The easternmost tip of Seventh Street was renamed Battelle Lane in a ceremony at the Covington Ladies Home Friday afternoon.

Covington Ladies Home CEO Carrie Vanderzee shows a proclamation from the City of Covington recognizing the Covington Ladies Home and its founder Ellen Battelle Dietrick (photos by Mark Hansel)

The event included a proclamation from Covington Mayor Joseph U. Meyer and the unveiling of a street sign recognizing the name change.

The Covington Ladies Home was founded by Ellen Battelle Dietrick in 1886 and has been in continuous service since that date.

The Home, located at Seventh and Garrard streets, provides high-quality personal care to senior women in a community-based and homelike setting.

Its goal is to assist with basic care needs in a manner that respects the individual’s dignity, maximizes independent functioning and encourages continued social contacts.

Carrie Vanderzee, CEO of the Covington Ladies Home, said the staff strives to achieve that objective every day.

“We work in a ladies home and that is a tremendous privilege,” Vanderzee said. “We will soon be adding on a new wing to accommodate more women and also give private baths to the ladies that we serve.”

That’s not the only change coming to the Covington Ladies Home.

CEO Carrie Vanderzee said the facility will always be known as the Covington Ladies Home, but is being rebranded as the Victorian at Riverside.

“We will always legally be the Covington Ladies Home, but we are rebranding as the Victorian at Riverside,” Vanderzee said. “(This change is) to honor the Victorian home that Ellen Battelle Dietrick built on this corner and also to honor that amazing woman.”

Becky Jones, a past board president of the Covington Ladies Home provided some insights into its founder.

She said Dietrick changed history because she was willing to become who she meant to be.

“So many women and men throughout history have been compelled to live out the roles created for them by others,” Jones said.  “Those public and private expectations about who we are supposed to be can too often stifle the divine calling that I believe exists in each one of us.”

Dietrick recognized that those expectations existed, Jones said, but was not constrained by them.

“She was a woman who, as the daughter of a Methodist preacher, was at the same time, firm enough in her beliefs, yet free enough in her conviction, to confront the root causes of social inequities facing women,” Jones said.

A crowd of community stakeholders gathered at the Covington Ladies Home Friday to see a portion of Seventh Street renamed in honor of its founder, Ellen Battelle Dietrick.

For more information on Dietrick, the Battle family and the history of the Covington Ladies Home, click here

Meyer said the changes at the Covington Ladies Home mirror those going on throughout the city of Covington.

“I look at this as another step in Covington’s revitalization,” Meyer said. “As you all know, here in Covington we are very proud of our past, very proud of our history. To learn about the Battelle legacy and to learn that all of that happened right here in Covington is just another piece of the richness of our fabric that most of us are unaware of.”

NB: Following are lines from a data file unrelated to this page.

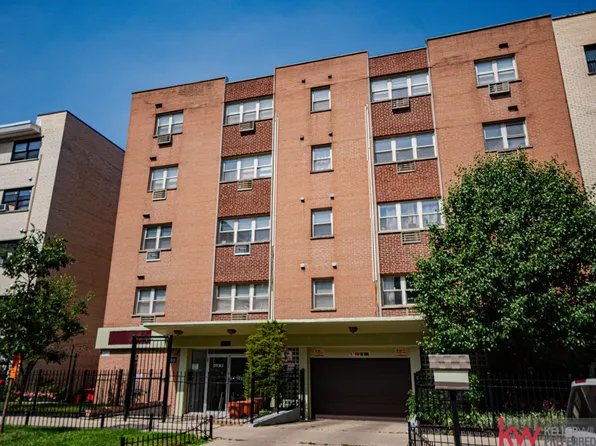 5950 N Kenmore Ave APT 208, Chicago, IL 60660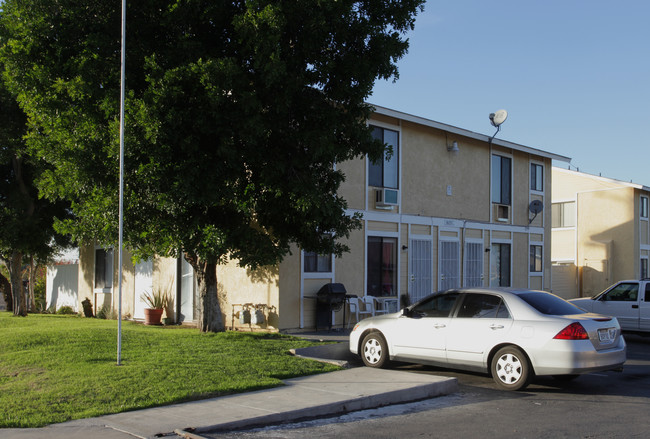 8125 Philbin in Riverside, CA - Building Photo - Building Photo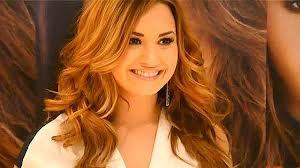 Eu não posso criar muitas esperanças, porque todo olá termina com um adeus.
Demi Lovato...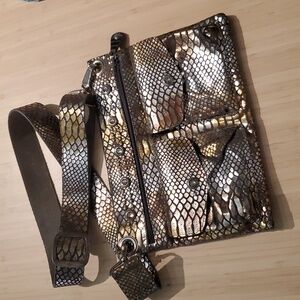 LEATHEROCK CROSSBODY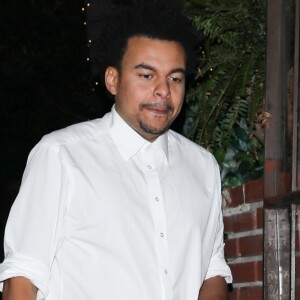 Exclusif - Halle Berry est allée diner avec le rappeur et producteur de RnB britannique Alex da Kid au restaurant iI Cielo à Beverly Hills le 22 juillet 2017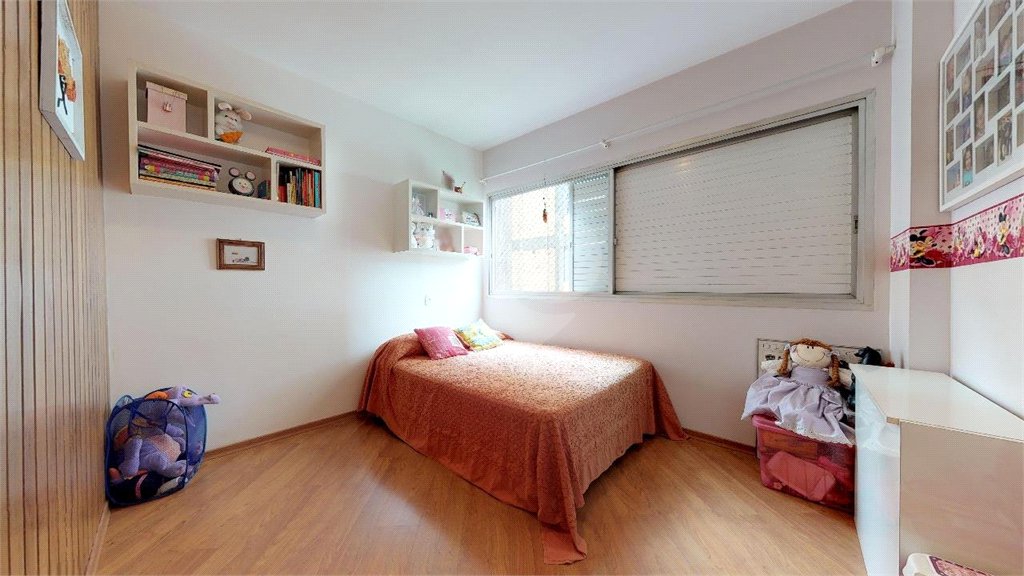 Apartamento à venda com 4 quartos, sendo 2 suítes, em Pinheiros, São Paulo, SP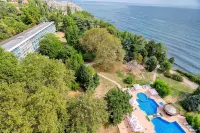 International House of Journalists Resort - parking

Meyer, who grew up in Covington, shared a story from his youth about a sign on the front of the Ladies Home that identified it as a home for aged and indigent women.

“We always mispronounced that, and somehow, I think that Ellen Battelle would appreciate it when we talk about the home for aged and indignant women,” Meyer said, drawing a laugh from the crowd. “I have a sense, that if I knew Ellen Battelle, she would be indignant at the way things have gone in government and politics and the role of women. The fact that she stood up as strongly as she did, in her day, and for the women yet today, is a good lesson for all  of us.”